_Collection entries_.

------

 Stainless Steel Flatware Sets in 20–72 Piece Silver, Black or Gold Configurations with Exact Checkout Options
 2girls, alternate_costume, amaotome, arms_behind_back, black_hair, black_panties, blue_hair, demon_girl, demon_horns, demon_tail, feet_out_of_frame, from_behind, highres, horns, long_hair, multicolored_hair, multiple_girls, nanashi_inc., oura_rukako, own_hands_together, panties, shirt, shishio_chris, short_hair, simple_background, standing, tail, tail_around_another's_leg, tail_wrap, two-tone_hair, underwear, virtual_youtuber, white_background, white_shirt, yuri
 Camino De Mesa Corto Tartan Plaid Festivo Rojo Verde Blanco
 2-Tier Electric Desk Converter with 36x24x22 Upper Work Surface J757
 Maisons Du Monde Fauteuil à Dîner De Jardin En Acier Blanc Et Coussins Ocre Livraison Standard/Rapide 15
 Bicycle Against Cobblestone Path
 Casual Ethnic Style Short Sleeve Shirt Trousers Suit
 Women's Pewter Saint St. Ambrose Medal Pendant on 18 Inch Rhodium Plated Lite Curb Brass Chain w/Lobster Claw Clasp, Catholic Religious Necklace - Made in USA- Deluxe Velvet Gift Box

------

Set down only these lines, exactly: the one containing "Bicycle Against Cobblestone Path" and each line after it through the end of the entries above.

_RESPONSE TO THIS EXERCISE_.
 Bicycle Against Cobblestone Path
 Casual Ethnic Style Short Sleeve Shirt Trousers Suit
 Women's Pewter Saint St. Ambrose Medal Pendant on 18 Inch Rhodium Plated Lite Curb Brass Chain w/Lobster Claw Clasp, Catholic Religious Necklace - Made in USA- Deluxe Velvet Gift Box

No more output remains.